Try it: From the very first line of the data to the line containing "2026 Chevrolet Silverado", retype everything exactly, leaving the pictures behind.

Data shown:
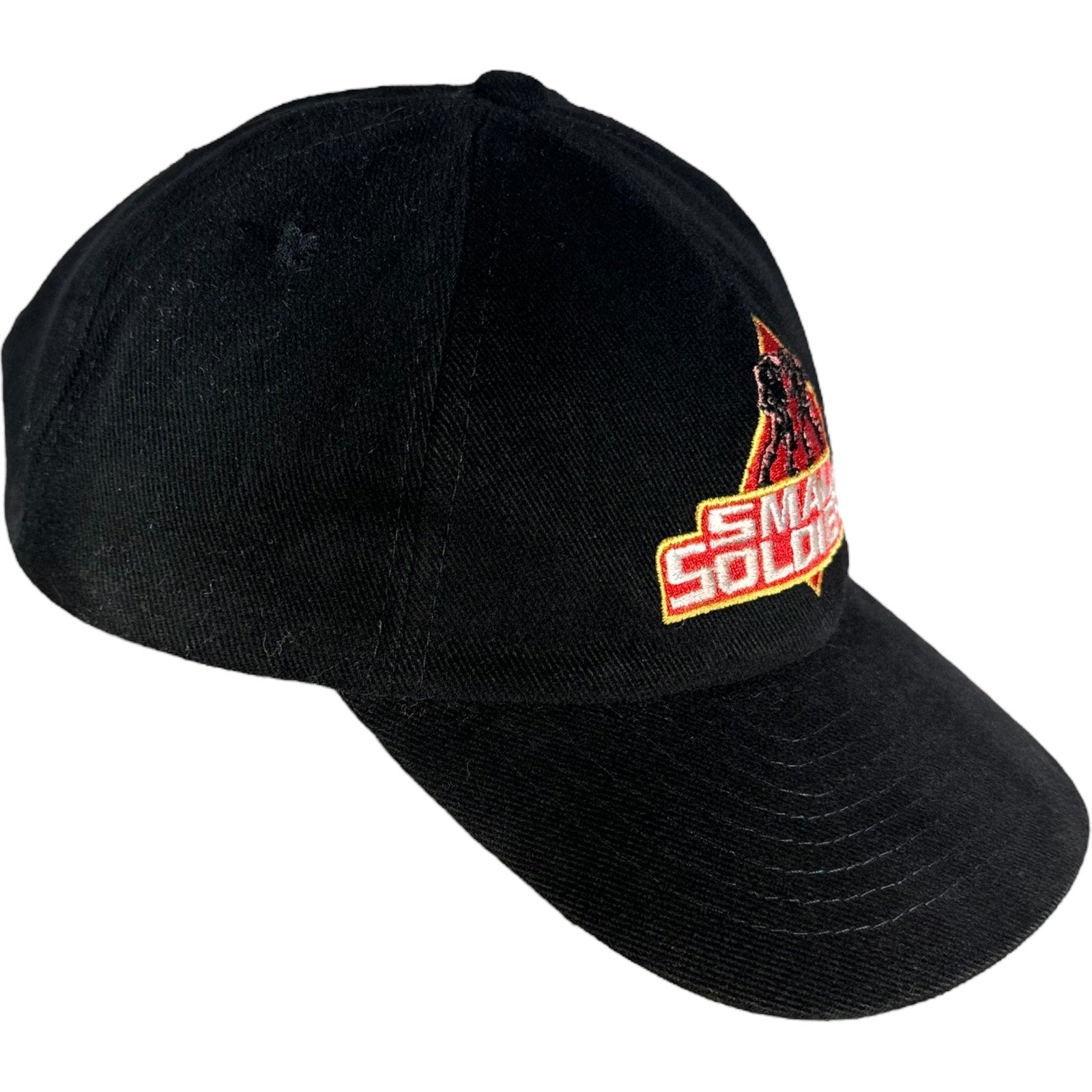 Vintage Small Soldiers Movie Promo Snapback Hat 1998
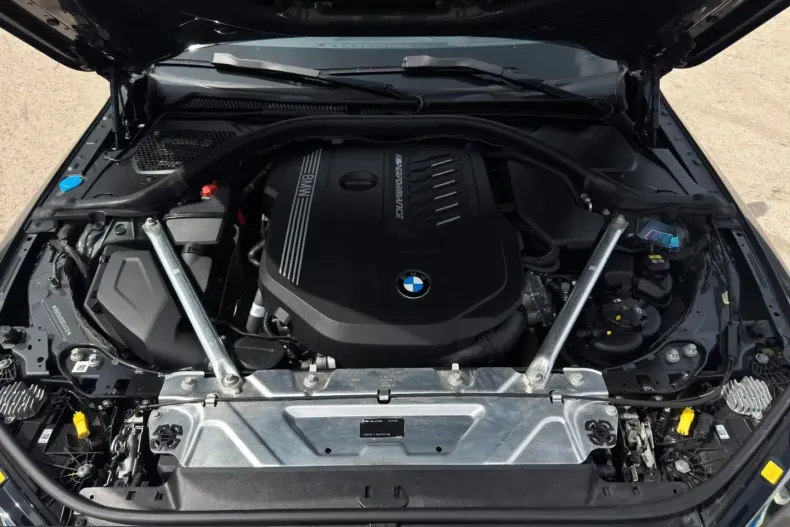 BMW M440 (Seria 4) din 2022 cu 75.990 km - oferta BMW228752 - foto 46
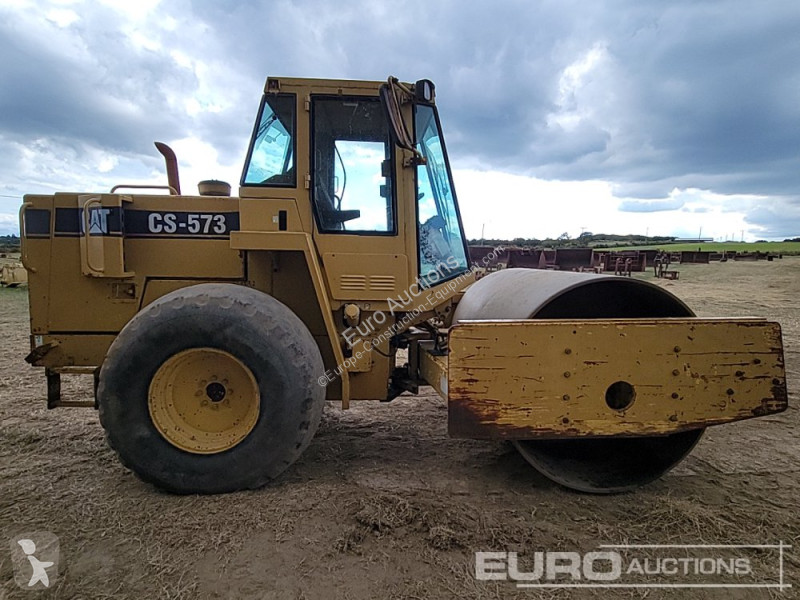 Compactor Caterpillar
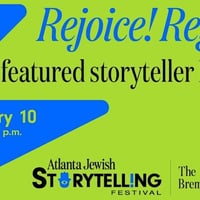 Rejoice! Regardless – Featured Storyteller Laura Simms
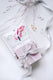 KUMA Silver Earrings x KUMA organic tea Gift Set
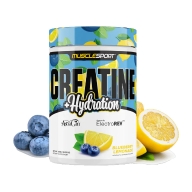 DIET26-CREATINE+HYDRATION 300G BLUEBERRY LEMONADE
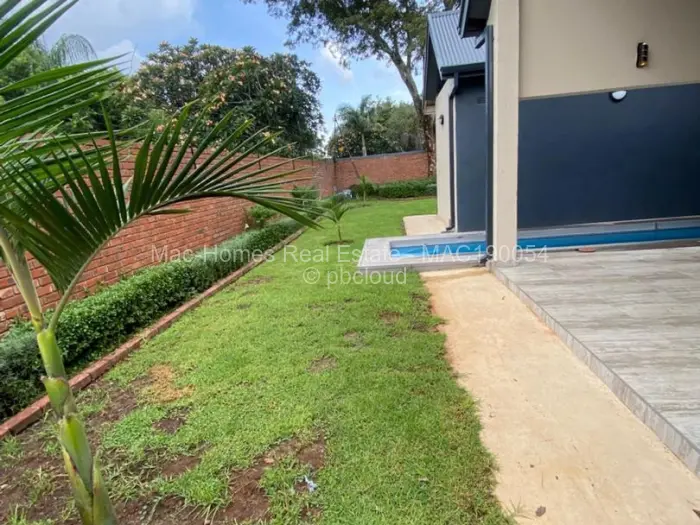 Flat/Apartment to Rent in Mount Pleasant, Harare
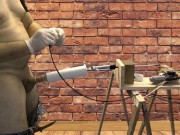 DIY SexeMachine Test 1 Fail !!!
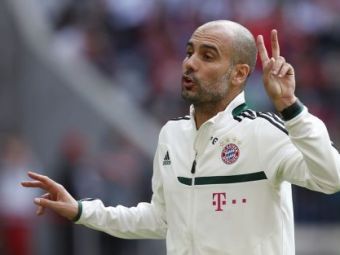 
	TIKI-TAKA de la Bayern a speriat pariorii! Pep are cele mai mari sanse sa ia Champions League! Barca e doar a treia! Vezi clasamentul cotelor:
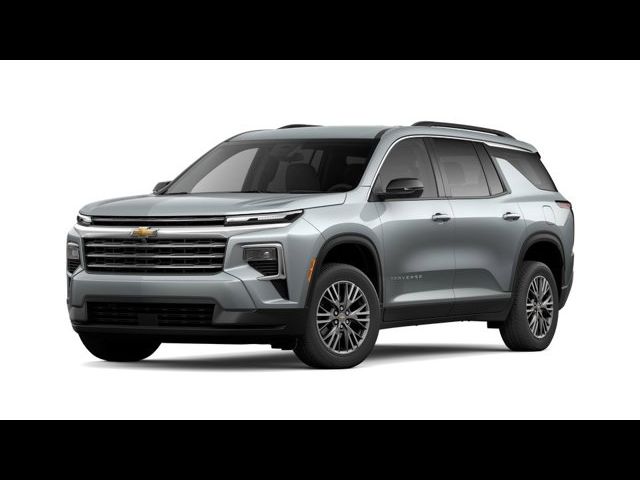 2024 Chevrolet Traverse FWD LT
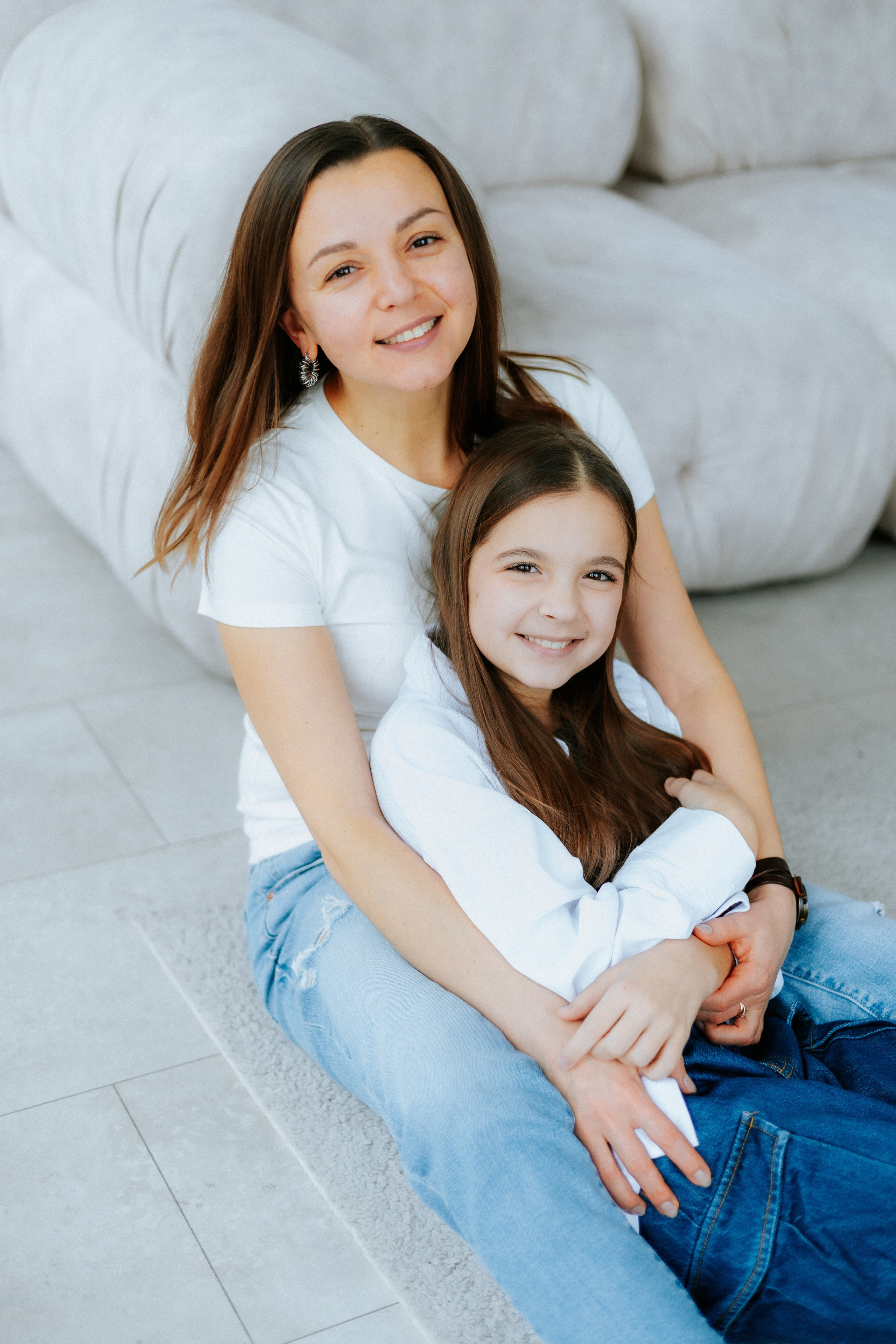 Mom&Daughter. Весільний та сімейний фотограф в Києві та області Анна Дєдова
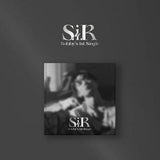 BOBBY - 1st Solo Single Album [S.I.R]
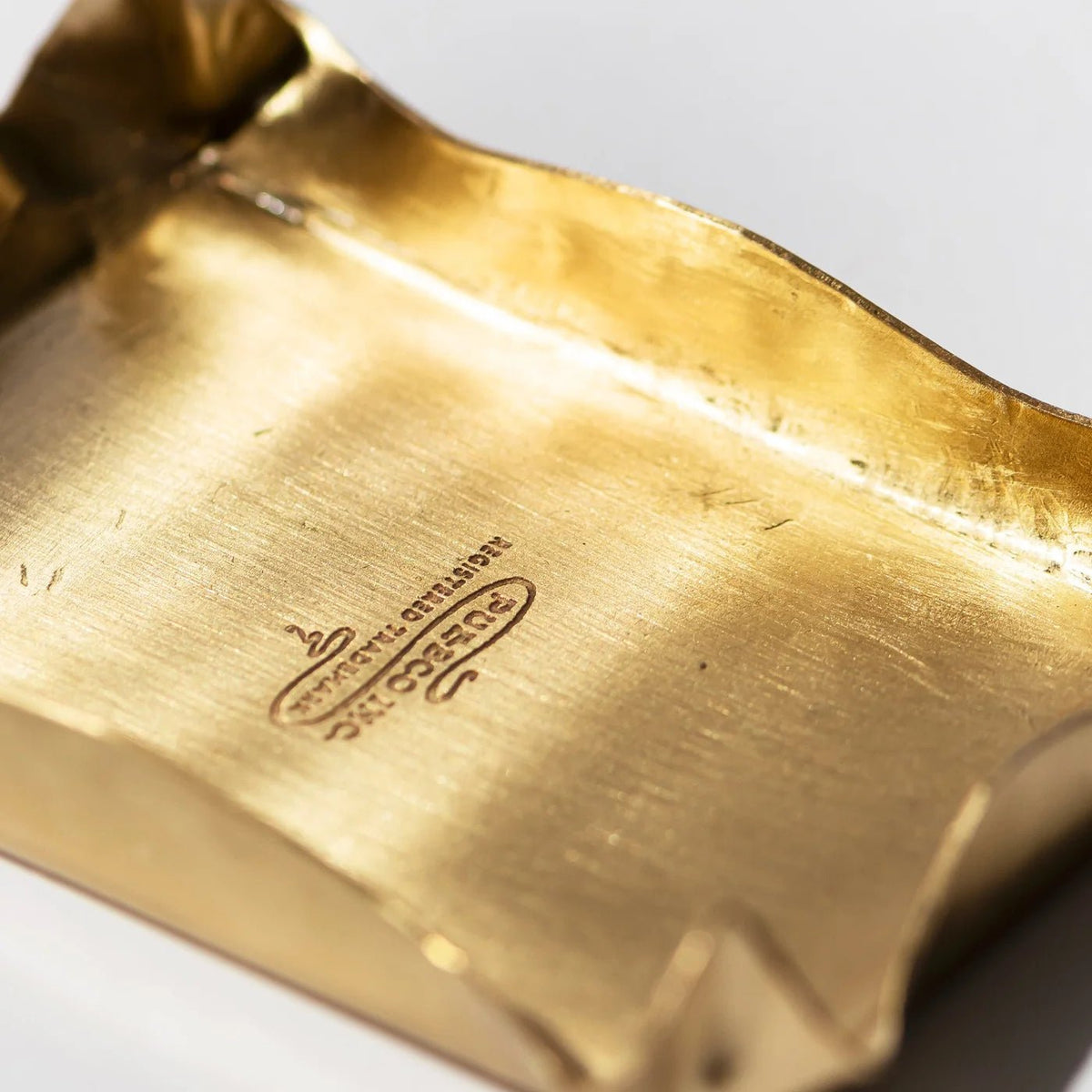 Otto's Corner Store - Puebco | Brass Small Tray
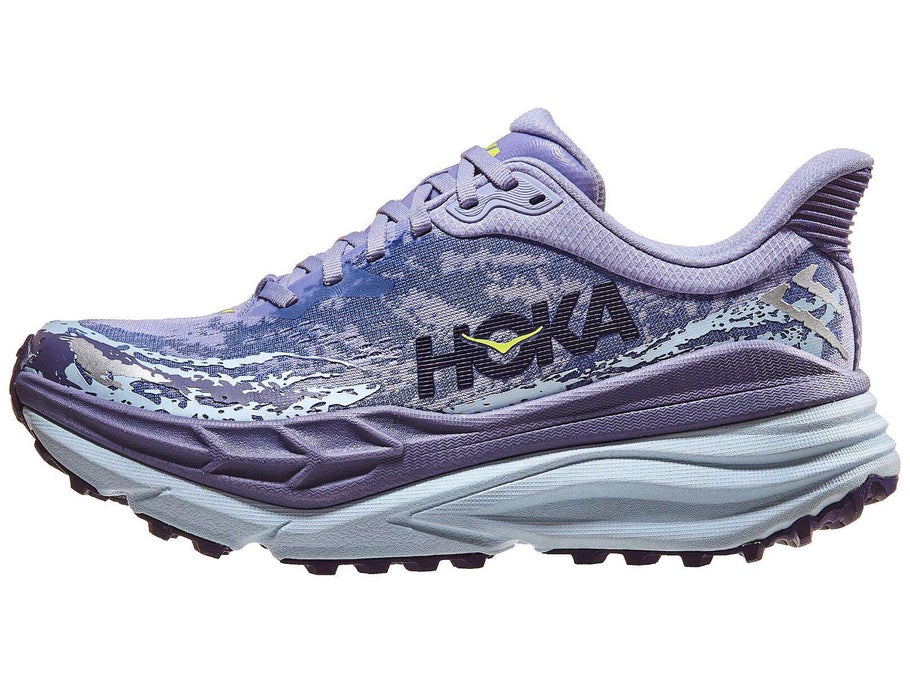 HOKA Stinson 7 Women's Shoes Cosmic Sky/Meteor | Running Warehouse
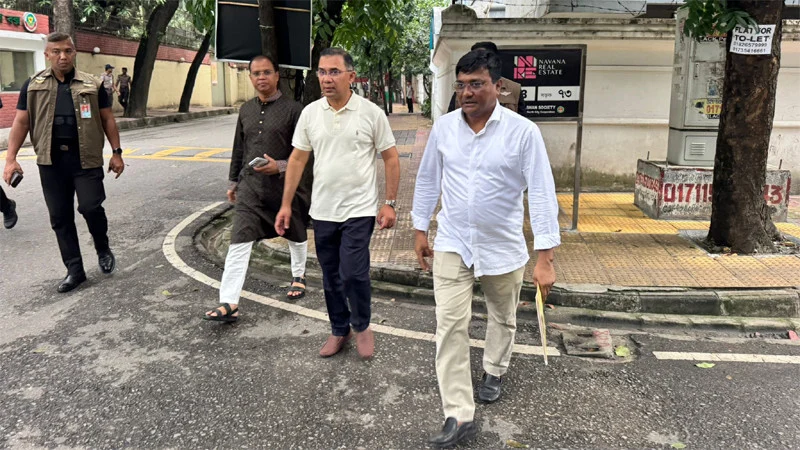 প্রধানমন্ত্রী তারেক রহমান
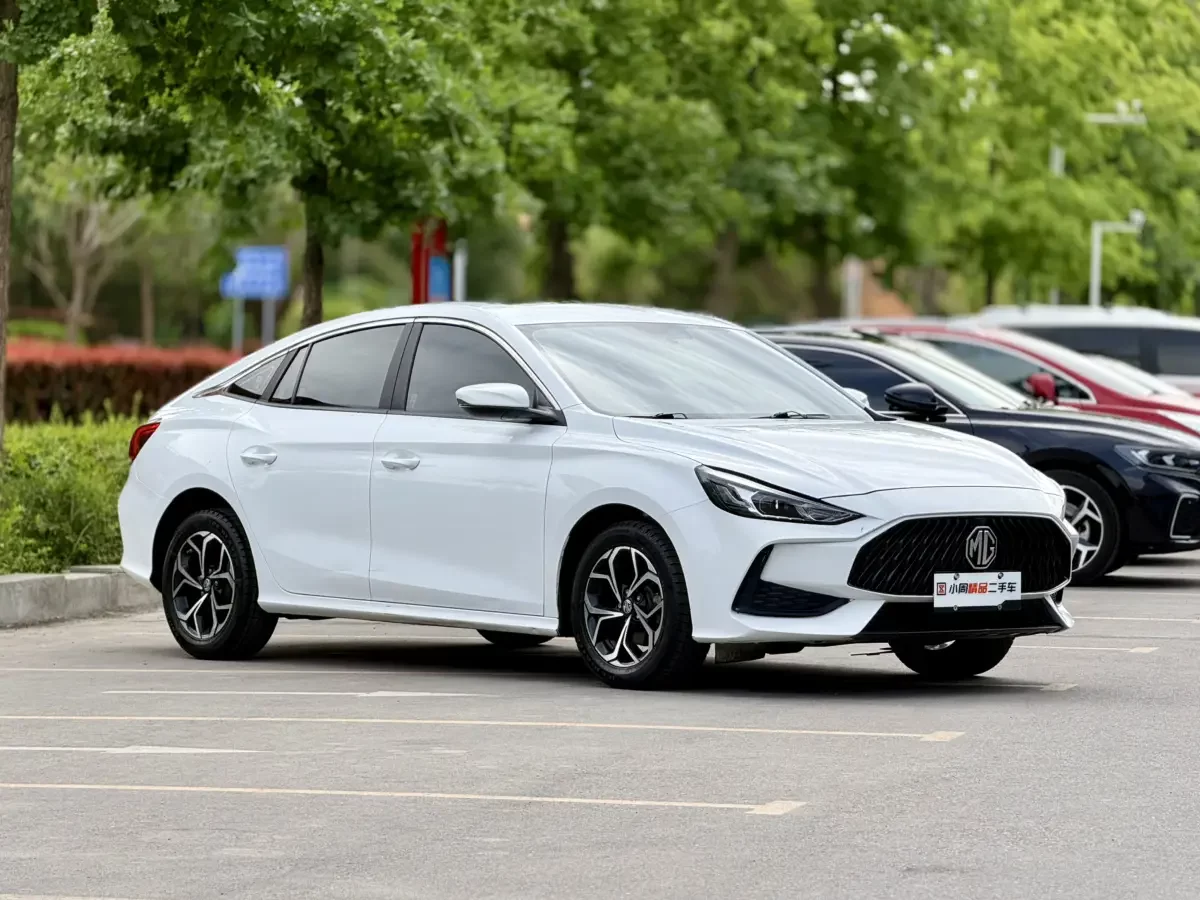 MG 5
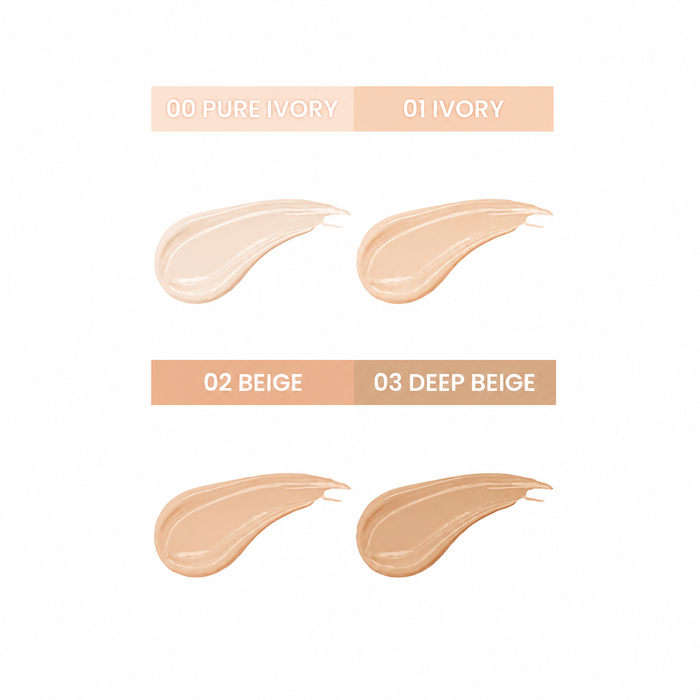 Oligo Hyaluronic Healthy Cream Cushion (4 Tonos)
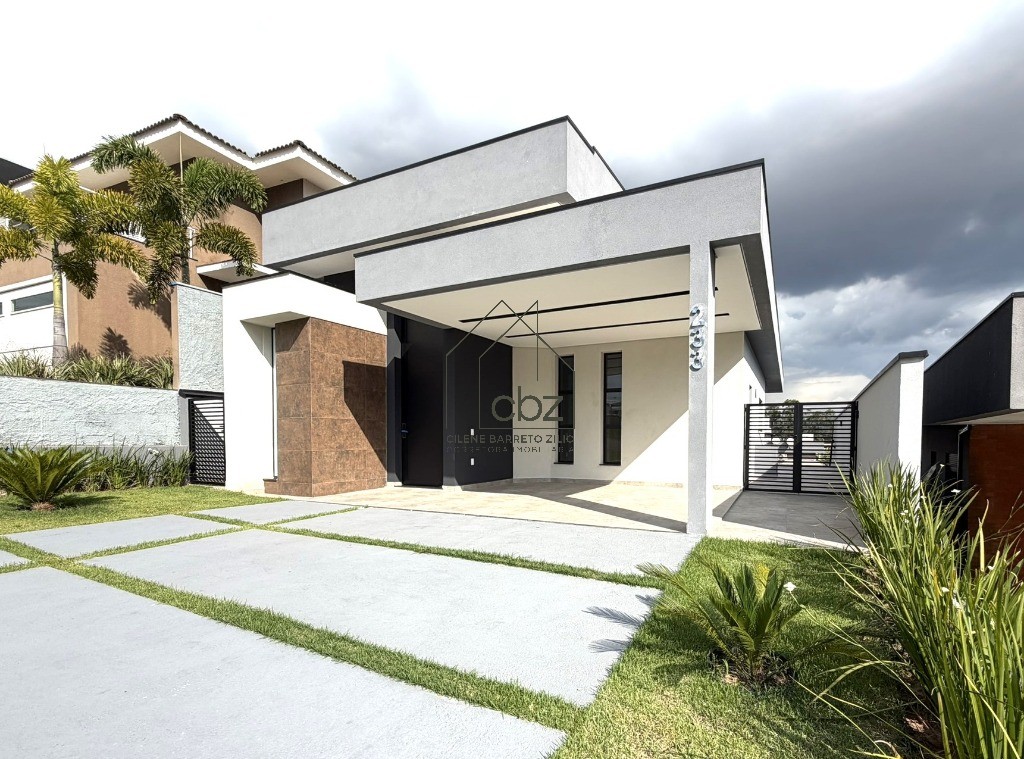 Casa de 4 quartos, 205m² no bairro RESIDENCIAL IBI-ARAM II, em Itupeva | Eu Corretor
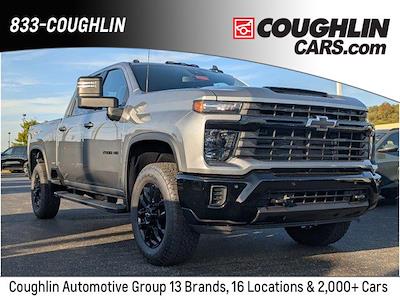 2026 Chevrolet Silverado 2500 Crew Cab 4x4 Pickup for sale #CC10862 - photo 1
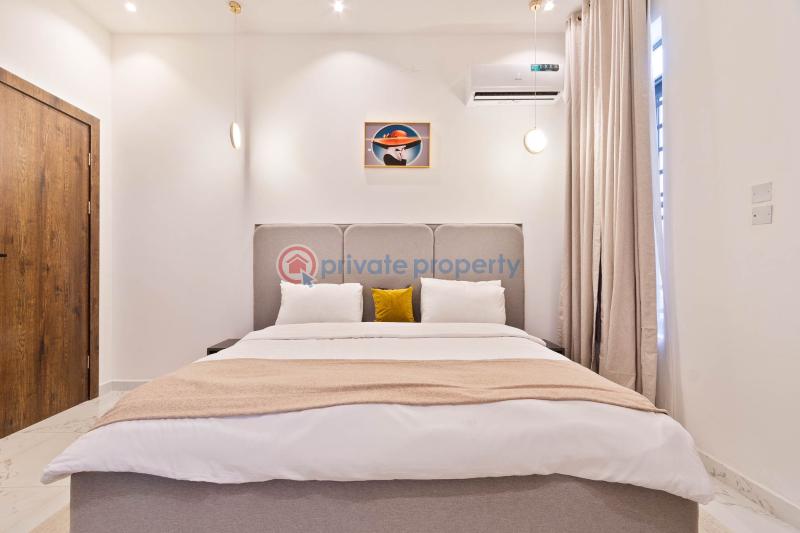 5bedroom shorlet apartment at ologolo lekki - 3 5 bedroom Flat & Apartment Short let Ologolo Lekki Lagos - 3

Written response:
 Vintage Small Soldiers Movie Promo Snapback Hat 1998
 BMW M440 (Seria 4) din 2022 cu 75.990 km - oferta BMW228752 - foto 46
 Compactor Caterpillar
 Rejoice! Regardless – Featured Storyteller Laura Simms
 KUMA Silver Earrings x KUMA organic tea Gift Set
 DIET26-CREATINE+HYDRATION 300G BLUEBERRY LEMONADE
 Flat/Apartment to Rent in Mount Pleasant, Harare
 DIY SexeMachine Test 1 Fail !!!
	TIKI-TAKA de la Bayern a speriat pariorii! Pep are cele mai mari sanse sa ia Champions League! Barca e doar a treia! Vezi clasamentul cotelor:
 2024 Chevrolet Traverse FWD LT
 Mom&Daughter. Весільний та сімейний фотограф в Києві та області Анна Дєдова
 BOBBY - 1st Solo Single Album [S.I.R]
 Otto's Corner Store - Puebco | Brass Small Tray
 HOKA Stinson 7 Women's Shoes Cosmic Sky/Meteor | Running Warehouse
 প্রধানমন্ত্রী তারেক রহমান
 MG 5
 Oligo Hyaluronic Healthy Cream Cushion (4 Tonos)
 Casa de 4 quartos, 205m² no bairro RESIDENCIAL IBI-ARAM II, em Itupeva | Eu Corretor
 2026 Chevrolet Silverado 2500 Crew Cab 4x4 Pickup for sale #CC10862 - photo 1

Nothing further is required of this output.